Great novel progress this month. Among the recent achievements:

→ Every morning, I continue to be quite enthusiastic about getting down to work. (Okay, nearly every morning.) It has really made this whole endless revision thing far less painful than it was becoming.

→ I've sprinkled in a bunch of new backstory that either makes all the character motivations much clearer or bogs the entire story down. Can't wait to find out which!

→ I spent a long time studying TV Tropes (warning: not safe for productivity) in an attempt to figure out whether a particular scene in my novel is inadvertently an uncomfortable cliche. Still not sure, and I went back and forth about a thousand times on whether to remove it. Keeping it in for now, with the recognition that whatever it is, it's no longer inadvertent.

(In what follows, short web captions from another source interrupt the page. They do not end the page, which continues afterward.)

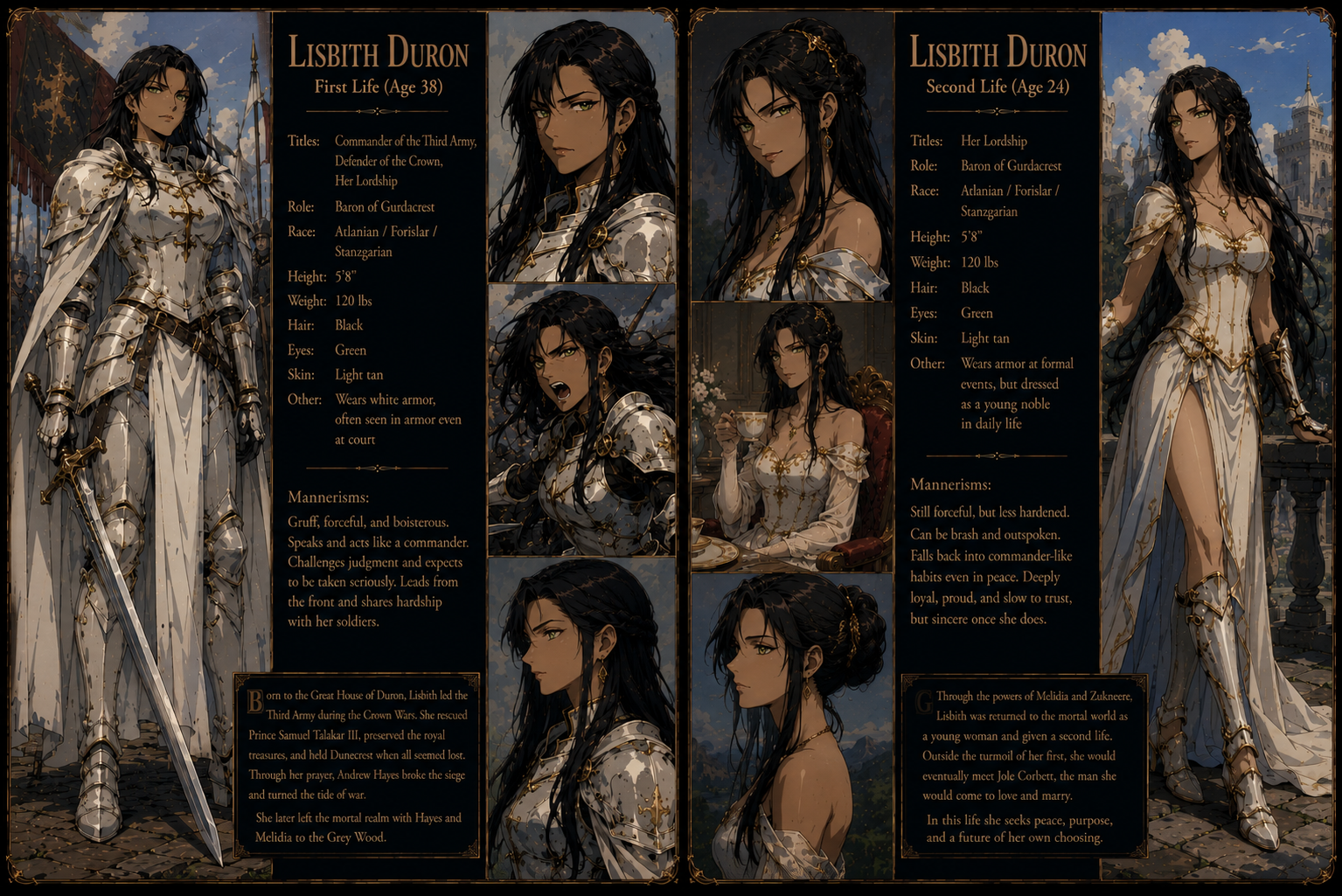Lisbith Duron Lord of Gurdacrest Commander of the Third Army banner image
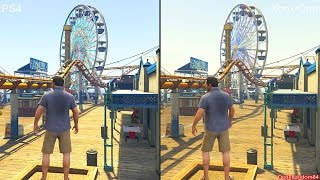 GTA 5 PS4 Vs Xbox One Graphics Comparison [upl. by Inaboy]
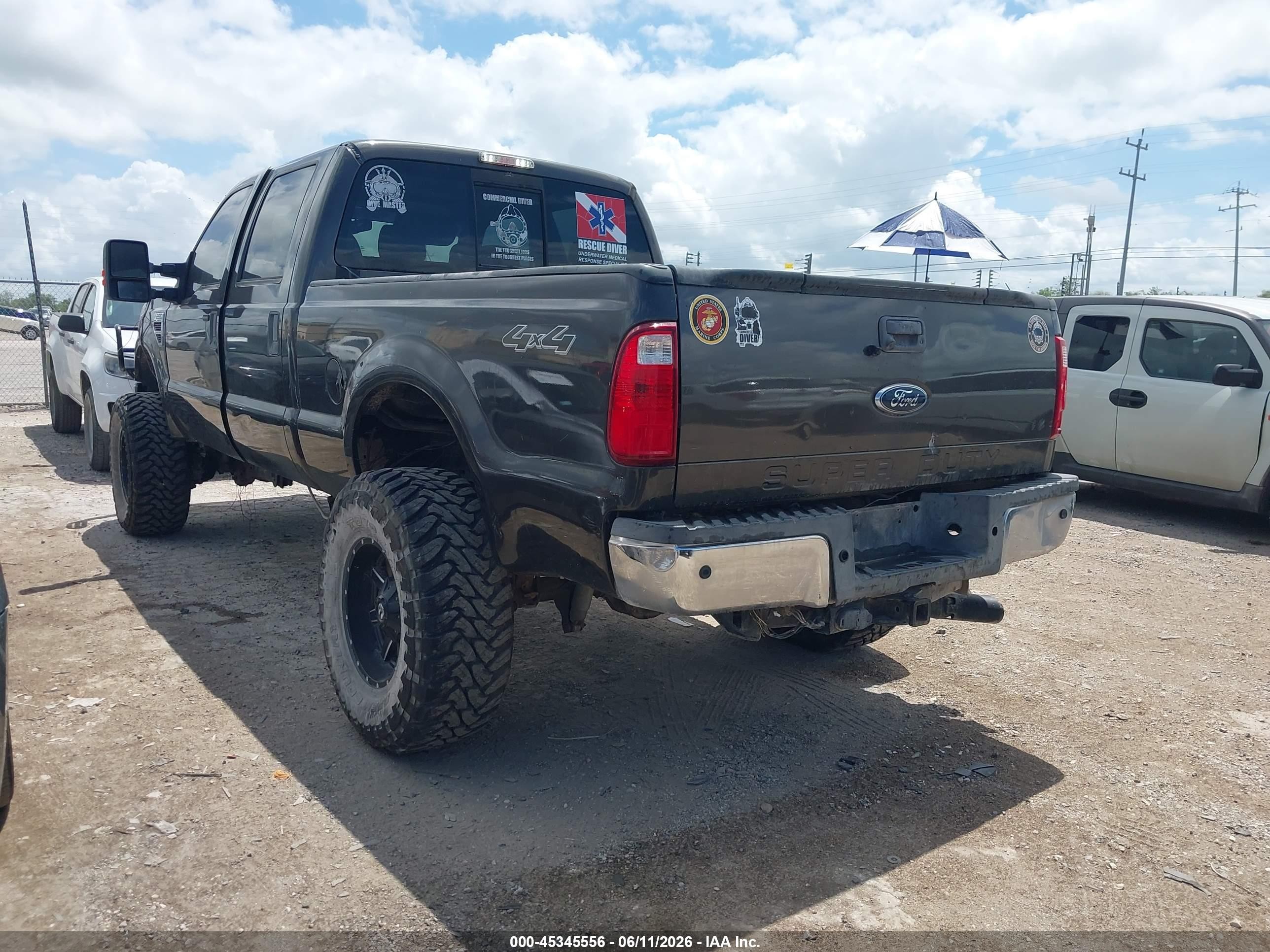 2008 Ford F-250 Fx4/harley-davidson/king Ranch/lariat/xl/xlt Gray vin: 1FTSW21R68EE18853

→ Remember how at the Squaw Valley workshop I received a suggestion about adding a prologue to better set up my novel? I wrote one, and I think it's pretty cool, but it's possibly just as problematic an opening. I've sent it off to a few of my workshop buddies to get some reactions.

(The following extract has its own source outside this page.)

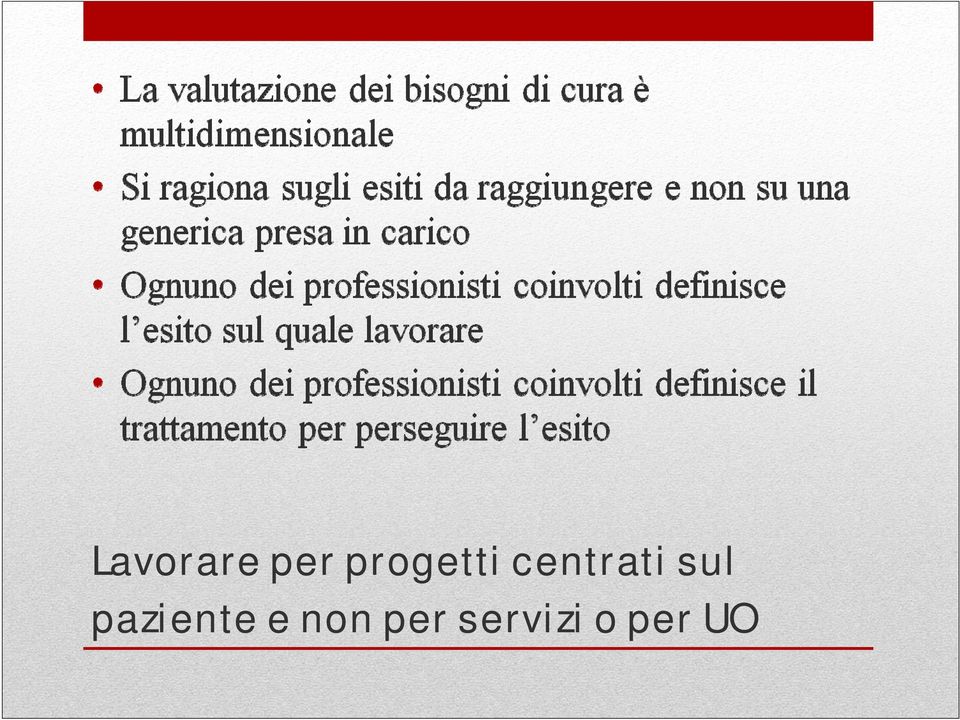 sul paziente e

Again, so much obsessing over paragraph breaks.

That's all I have to report this time. I can almost see the end from here!

Good Stuff Out There:

→ At Jacket Justice, book cover designer Allison Strauss analyzes the covers of bestsellers and suggests improved designs.

5 comments:

Henri Picciotto said...

As you know, I don't write fiction, but I love the guideline I use for paragraph breaks. As many paragraphs as possible should end with something new and important. (The corollary is that the beginning of paragraphs is about connecting with things the reader already knows.) This is from a fantastic article by Gopen and Swan, which you should find and read, as it includes many ideas about effective writing.

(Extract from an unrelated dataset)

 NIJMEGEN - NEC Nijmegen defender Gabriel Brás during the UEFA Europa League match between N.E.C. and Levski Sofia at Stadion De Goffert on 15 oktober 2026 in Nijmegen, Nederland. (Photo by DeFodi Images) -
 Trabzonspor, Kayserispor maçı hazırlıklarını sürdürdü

The above paragraph more or less follows that basic scheme.

(Actually, G&S's piece is about nonfiction writing, but I suspect much about it applies to all writing.)

Lisa Eckstein said...

Henri, this is great advice! I think it describes what I do instinctively (in many cases, at least), but I've never thought about it in those terms.

This is probably the article you're talking about: "The Science of Scientific Writing" by George D. Gopen and Judith A. Swan. Looks fascinating!

Christopher Gronlund said...

Why did I open TV Tropes?

Glad to hear progress is good; here's to September!

Henri Picciotto said...

Yes, that's the article. By far the most useful thing I've read about writing. One thing that makes it different from everything else is that they based their advice not just on their own beliefs, but on observations of how things actually play out for readers.

Note that this particular idea (that the end is the "power" position) also works for sentences!

Lisa Eckstein said...

Christopher: Hope TV Tropes didn't prevent you from having a very productive long weekend of writing! :)

Henri: I read the article. Very helpful ideas!